Joanna Żubr | |
Birth Date: | 1772 or 1782 |
Birth Place: | Berdyczów, Crown of the Kingdom of Poland, Polish–Lithuanian Commonwealth (now Berdychiv, Ukraine)[1] |
Death Date: | (aged 79–80 or 69–70) |
Death Place: | Wieluń, Congress Poland, Russian Empire (now Poland)[2] |
Allegiance: | Duchy of Warsaw |
Branch: | Army of the Duchy of Warsaw |
Serviceyears: | 1808–1814 |
Battles: | |
Awards: | Virtuti Militari |
Joanna Żubr (1772 or 1782 – 9 July 1852) was a Polish soldier of the Napoleonic Wars, a veteran of the Polish–Austrian War, and the first woman to receive the Virtuti Militari, the highest Polish military decoration.
After the outbreak of the Napoleonic Wars and creation of the Duchy of Warsaw in 1808, Joanna Żubr with her husband, Michał, left Austrian-ruled Volhynia. Both joined the army of the new Duchy, with Joanna initially a camp-follower. Soon she enlisted in the 2nd Infantry Regiment (4th company, 2nd battalion) as a private, hiding that she was a woman from both her superiors and fellow soldiers.
In 1809, Joanna took part in the Galician Campaign, distinguishing herself in the Battle of Zamość on 19 May that year. For her bravery, Prince Józef Poniatowski awarded her the medal of Virtuti Militari; Joanna was the first female soldier to be awarded the decoration and one of the first women in the world to receive a military award for bravery in battle.

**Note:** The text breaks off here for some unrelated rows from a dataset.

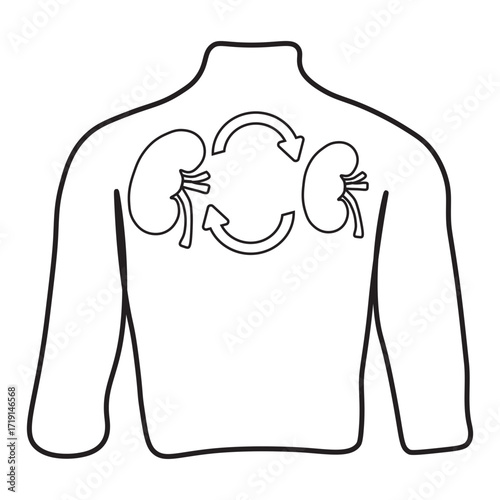kidney transplant line icon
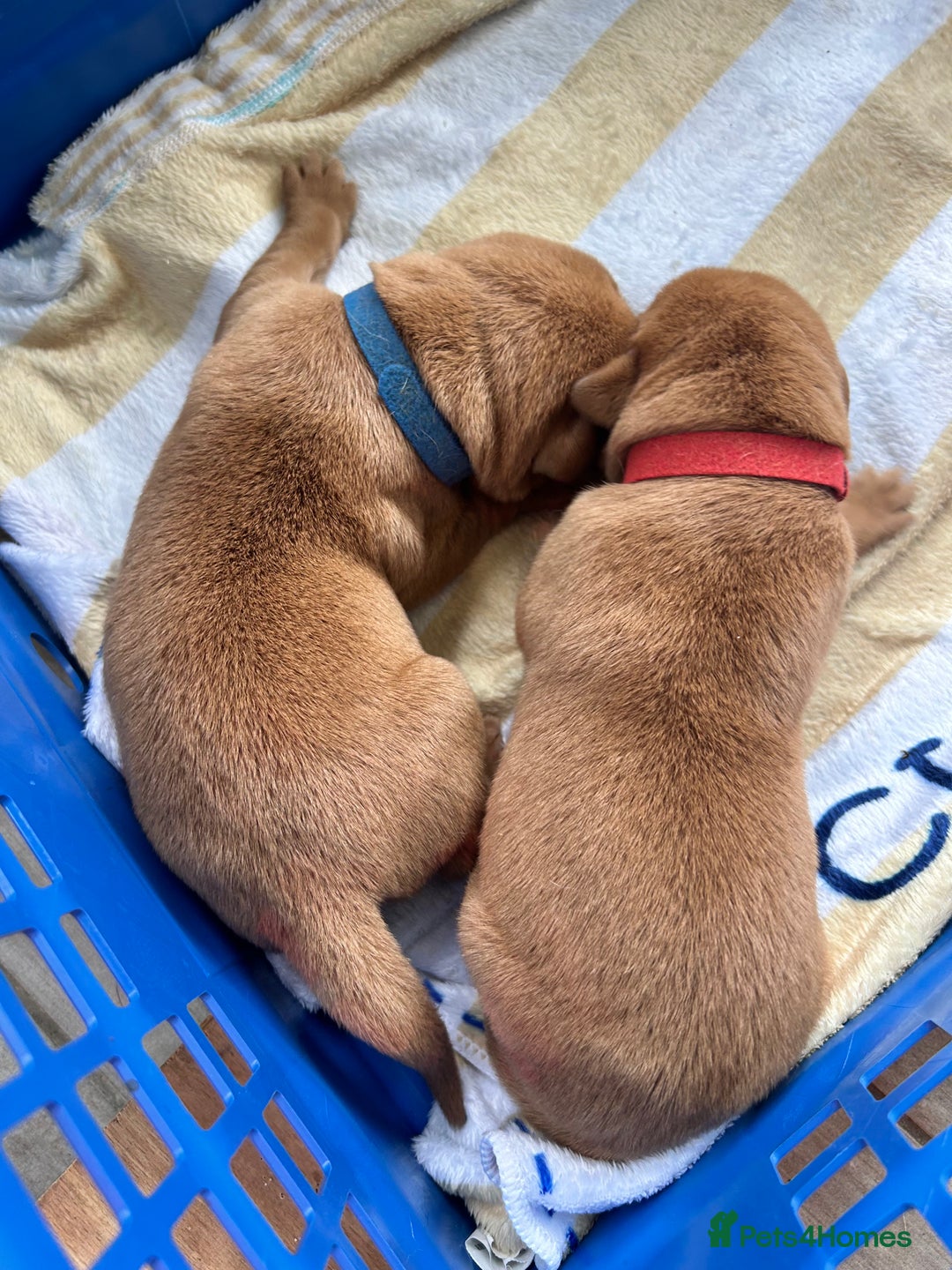 Labrador Retriever dogs for sale: KC Fox Red Labrador puppies - Image 5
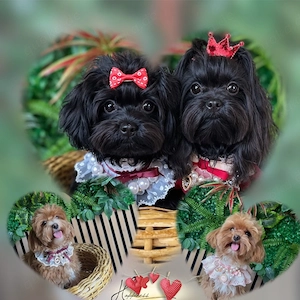 Maltipoo Welpen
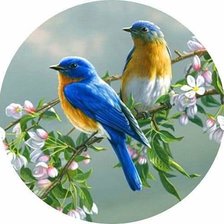 Схема вышивки «№2587280»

After the campaign, she joined the 17th Infantry Regiment in Dąbrowski's Division, under Jan Henryk Dąbrowski. Her husband was an ensign in the same regiment and Joanna Żubr was promoted to sergeant, as the first woman in the Polish Army. Their division, renamed the Greater Polish Division, took part in Napoleon's invasion of Russia and his campaign in present-day Belarus.

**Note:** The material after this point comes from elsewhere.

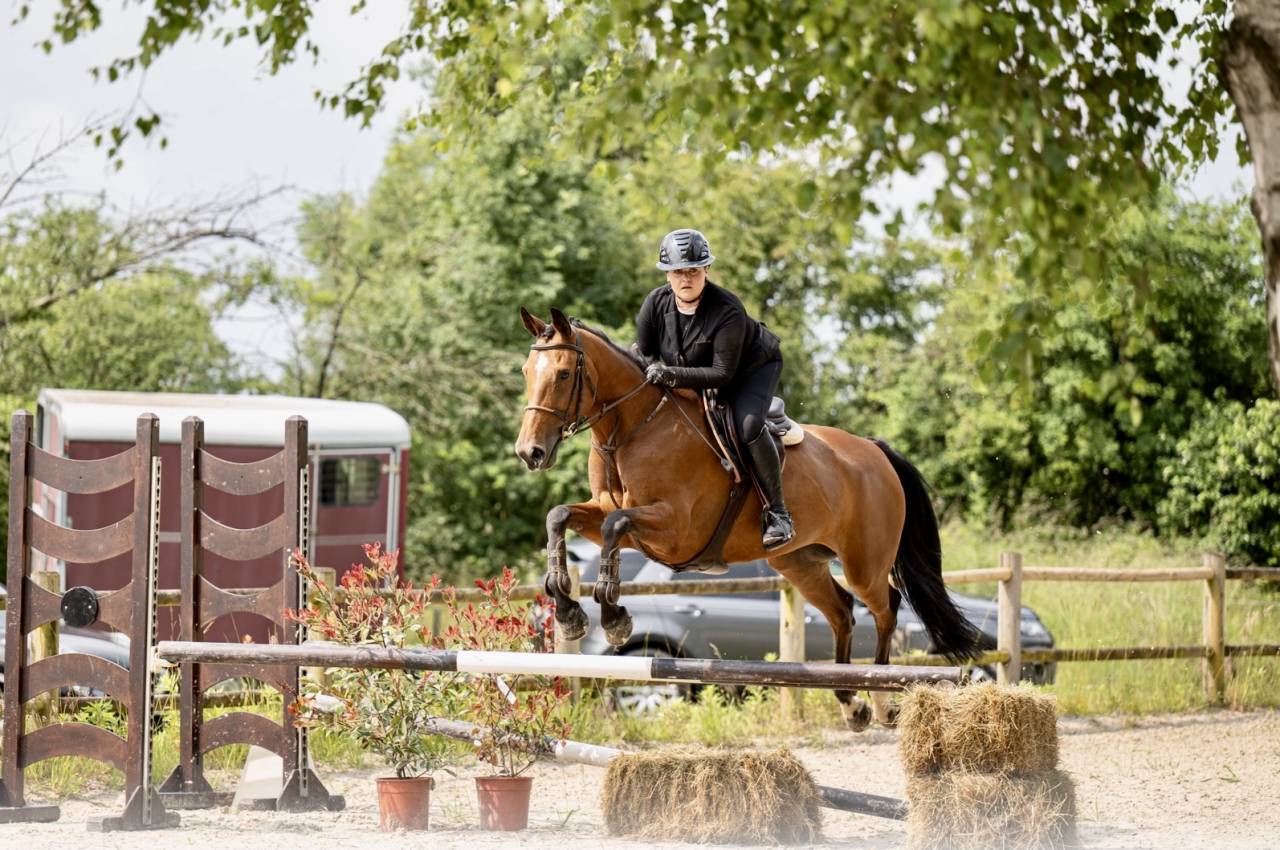 Pension et demi pension chevaux, poneys proche Nancy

During the battles and Napoleon's retreat, she was separated from her division, but she managed to escape from Russia on her own. In the summer of 1813, weeks after Prince Józef Poniatowski's forces had abandoned Kraków, she reached Polish units in Saxony and served with distinction until the signing of the Treaty of Fontainebleau and the end of the war.
Joanna and her husband returned to Poland. Because she could return to neither Austrian-occupied nor Russian-held parts of Poland, they settled at Wieluń. She died there during a cholera epidemic in 1852, at the age of about eighty.